The growing homeless population in Center City Park got a lot of attention this week.

Monday, Aug. 8, Downtown Greensboro Inc. President and District 3 City Councilmember Zack Matheny, by email, invited city and county officials as well as representatives of downtown businesses to walk through Center City Park with him to discuss solutions to the problems created by the growing homeless population in the park.

In the email, after noting some of the problems in Center City Park, Matheny stated, “I invite you on this email, and all members of the COC [Continuum of Care] to walk through the park with me, let’s try and help folks get the help they need and I can learn why the organizations are unable to help them.”

On Wednesday, Aug. 10, a group that included city and county officials as well as representation from downtown business owners did just that – they walked through the park and discussed possible solutions to the growing problem that Center City Park has become.

City Manager Tai Jaiyeoba didn’t like it and responded on Friday, Aug. 12 to Matheny’s email stating in part, “One, there is already an existing meeting between the city and county to discuss strategies for addressing this concern.  I am very concerned that multiple meetings involving different stakeholders will result in multiple discussions that we are not looped into and result in different strategies.

“Two this is a city/countywide issue that we should discuss with a goal of resolving it in a wholistic manner – resolving it in our downtown would only result in creating the same issue in other parts of the city.”

Matheny responded that he had asked about city/county meetings on the issue and had never been told when the meetings were being held.  He added that the Wednesday meeting in the park that included the business community as well as city and county officials had been successful.

Vice President of the Richardson Corporation Mark Shumaker, who participated in the Wednesday meeting, also responded stating, “From a business owners perspective, I’d like to add emphasis to the fact that something needs to happen (rather than simply talking).  We recently had an employee of a tenant (Arch MI) that a homeless person peed on from head to toe (she was sitting on a bench reading a book).
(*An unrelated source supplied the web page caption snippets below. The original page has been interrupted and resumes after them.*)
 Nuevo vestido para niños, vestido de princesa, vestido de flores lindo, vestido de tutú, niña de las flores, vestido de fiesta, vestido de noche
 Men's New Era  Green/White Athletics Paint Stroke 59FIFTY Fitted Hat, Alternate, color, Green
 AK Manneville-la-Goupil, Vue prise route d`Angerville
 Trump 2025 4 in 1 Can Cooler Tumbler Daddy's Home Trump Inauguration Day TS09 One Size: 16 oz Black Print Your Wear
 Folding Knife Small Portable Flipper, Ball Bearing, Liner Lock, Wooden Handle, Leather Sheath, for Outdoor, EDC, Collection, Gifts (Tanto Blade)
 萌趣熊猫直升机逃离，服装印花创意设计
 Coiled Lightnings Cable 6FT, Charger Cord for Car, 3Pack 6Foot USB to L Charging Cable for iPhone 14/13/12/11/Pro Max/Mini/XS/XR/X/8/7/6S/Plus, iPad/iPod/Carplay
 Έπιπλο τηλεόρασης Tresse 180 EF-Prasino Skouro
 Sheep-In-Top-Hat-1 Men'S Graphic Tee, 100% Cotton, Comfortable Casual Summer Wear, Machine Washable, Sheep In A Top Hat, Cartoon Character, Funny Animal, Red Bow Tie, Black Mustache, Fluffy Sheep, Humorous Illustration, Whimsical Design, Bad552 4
Nothing was done and the police turned their back.  We’re working hard to promote downtown and build economic vitality. The growing feedback we hear from tenants and prospects involve safety concerns.”

Vaughan Ramsey from the Tuggle Duggins law firm, who also participated in the walk, stated, “I have compassion for the homeless but the current situation in the parks is not tenable and some immediate visible action needs to be taken.  If nothing is done, downtown is going to slowly wither as people slowly vote with their feet.”

Mayor Nancy Vaughan, who did not participate in the walk, responded with a list of actions that were underway including: putting up 10 signs that unattended items will be removed from the park, the city attorney reviewing ordinances, park renovations that will include enhanced sprinklers, artistic fencing, additional bench arms to prohibit laying down and art pieces to occupy spaces between planters.

She said that the city was also negotiating for land outside the downtown as a site for nonprofit outreach such as providing meals.